Tom Jolliffe offers up a selection of essential forgotten 90s thrillers…
The 90s was a veritable treasure trove of thrillers. A decade prior, which saw a more growing fascination in the rising blockbuster, as well as other genre cinema, saw your classic pot boiler thriller pushed slightly to the wayside. Not so much a throwback to the full on intensity of 1968-1977 American cinema, a new wave in the 90s, replete with obsessive stalkers, relentless serial killers, or femme fatales saw a number of great films in the genre come and become iconic, and often a distinct callback to Hitchcock-inspired stories.
You had Basic Instinct, Seven, The Usual Suspects, Primal Fear, Fight Club and more. A veritable mix of thrillers with different tones. Psychologically complex in some cases and very of their time in others (Fight Club is pure 90s, but in such a way as it hasn’t dated). Among this hefty output there have been a number of films which were underrated at the time, and/or have become a little unfairly forgotten. Here are 10 great forgotten thrillers from the 1990s…
Blue Steel
Kathryn Bigelow has plenty of cult classic films under her belt from her early career. In their own respective ways, The Loveless, Near Dark, Point Break and Strange Days have their own unique qualities which has seen them retain (and further attain) a cult following. Within this impressive output of genre films, before Bigelow went full Award season heavy hitter with The Hurt Locker, we have Blue Steel an underrated thriller about obsession from 1990.
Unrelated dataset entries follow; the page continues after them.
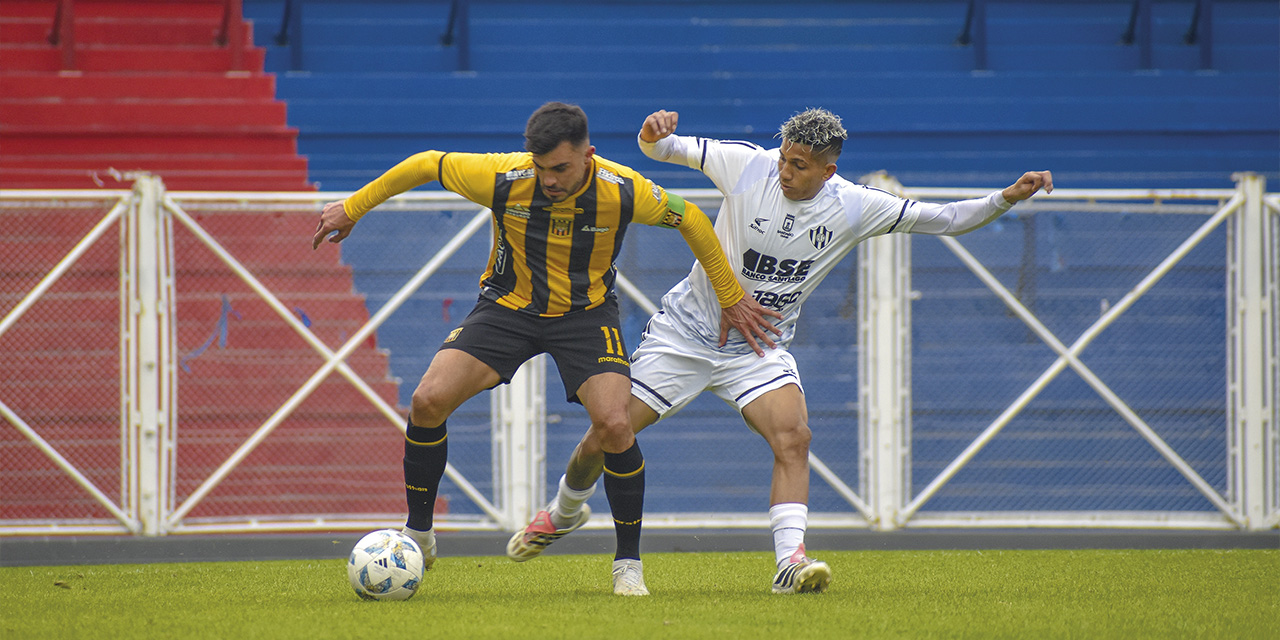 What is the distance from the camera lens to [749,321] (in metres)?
4.77

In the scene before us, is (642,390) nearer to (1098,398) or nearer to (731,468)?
(731,468)

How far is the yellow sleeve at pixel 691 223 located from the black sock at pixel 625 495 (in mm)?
752

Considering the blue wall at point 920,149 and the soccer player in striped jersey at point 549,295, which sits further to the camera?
the blue wall at point 920,149

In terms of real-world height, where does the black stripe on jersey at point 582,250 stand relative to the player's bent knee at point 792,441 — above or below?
above

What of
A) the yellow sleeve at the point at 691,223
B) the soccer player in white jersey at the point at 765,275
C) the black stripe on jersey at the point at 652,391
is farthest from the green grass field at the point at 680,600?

Filled with all the style you’d expect from Bigelow as a visual storyteller, Blue Steel also offers a great platform for Jamie Lee Curtis to play a strong, sexually assured character, pushing to succeed in a male dominated police force. Ron Silver, is the wall street trader who picks up a gun from a crime scene (after JLC’s Megan, shoots an armed robber), which puts her in a heap of trouble. Meanwhile he is increasingly allured and fascinated by not only the gun and its inherent power, but also by her.
Blue Steel is an interesting concept that might descend into a very 90’s kind of histrionics, but combined with Bigelow’s verve, there’s a certain pulpy quality to this and a certain female gaze that imbues (like many of Bigelow’s films) this very masculine genre film with a unique feel. Curtis is great and Ron Silver was always such an underrated villain, even if he descends into a tribalistically roaring maniac by the film’s end.
The Interview
Not particularly well known outside of its native Australia, The Interview is a gripping Hitchcockian/Welles-ian thriller set largely within the confides of a police station (and particularly focused on an interview room). It’s a cat and mouse game between suspect and law as both play mind games with the other. Lines of innocence and guilt become blurred as the detectives chase a result by hook or by crook.
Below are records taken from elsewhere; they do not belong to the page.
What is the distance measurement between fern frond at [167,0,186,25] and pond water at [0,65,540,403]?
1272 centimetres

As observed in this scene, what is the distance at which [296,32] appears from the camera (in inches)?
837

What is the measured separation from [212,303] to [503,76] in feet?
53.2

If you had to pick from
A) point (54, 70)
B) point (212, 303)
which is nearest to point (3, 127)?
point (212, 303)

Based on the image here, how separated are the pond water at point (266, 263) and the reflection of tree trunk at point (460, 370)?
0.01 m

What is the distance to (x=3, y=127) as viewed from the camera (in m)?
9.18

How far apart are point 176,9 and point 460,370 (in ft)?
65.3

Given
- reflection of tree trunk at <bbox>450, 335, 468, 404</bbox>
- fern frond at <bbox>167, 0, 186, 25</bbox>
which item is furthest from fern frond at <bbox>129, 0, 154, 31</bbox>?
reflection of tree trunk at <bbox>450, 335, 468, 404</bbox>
Our suspect, is brilliantly played by a pre-Matrix Hugo Weaving. Much of what we know is from his perspective and he becomes an unreliable narrator. The film is brilliantly paced and definitely worth going in as blind as possible as the increasingly complex events are uncovered.
The Hand that Rocks the Cradle
Coming in the wake of Fatal Attraction, this was one of an almost relentless slew of obsessive character thrillers. This proved a hit and a very popular film at the time. Directed with ruthless aplomb by Curtis Hanson (L.A Confidential) this is elevated beyond its simple conceit by the craftsmanship and its cast.
Annabella Sciorra and Matt McCoy welcome a young woman into their home to become nanny (Rebecca DeMornay) for their son. She has ulterior motives and so begins her obsessive game to slowly unravel this family unit and destroy them (Sciorra’s character having ‘caused’ the death of the nanny’s husband). Of course Sciorra suspects this and is ignored, but the film progresses nicely until the more over the top theatrics of the final third. De Mornay in particular, is superb. In an odd way though it almost seemed to be counterproductive for her career henceforth.
Single White Female
Another tale of obsession, as a young woman’s (Bridget Fonda) new roommate (Jennifer Jason Leigh) becomes increasingly enamoured by her and slowly begins to infiltrate her life. It’s certainly driven by a Hitchcockian sensibility with complex character interplay in confined surroundings. The film, very much of its time, is made all the more interesting by the performance of Jennifer Jason Leigh, one of the most underrated stars of her generation (you know that, when it takes Tarantino to pull you back into the limelight).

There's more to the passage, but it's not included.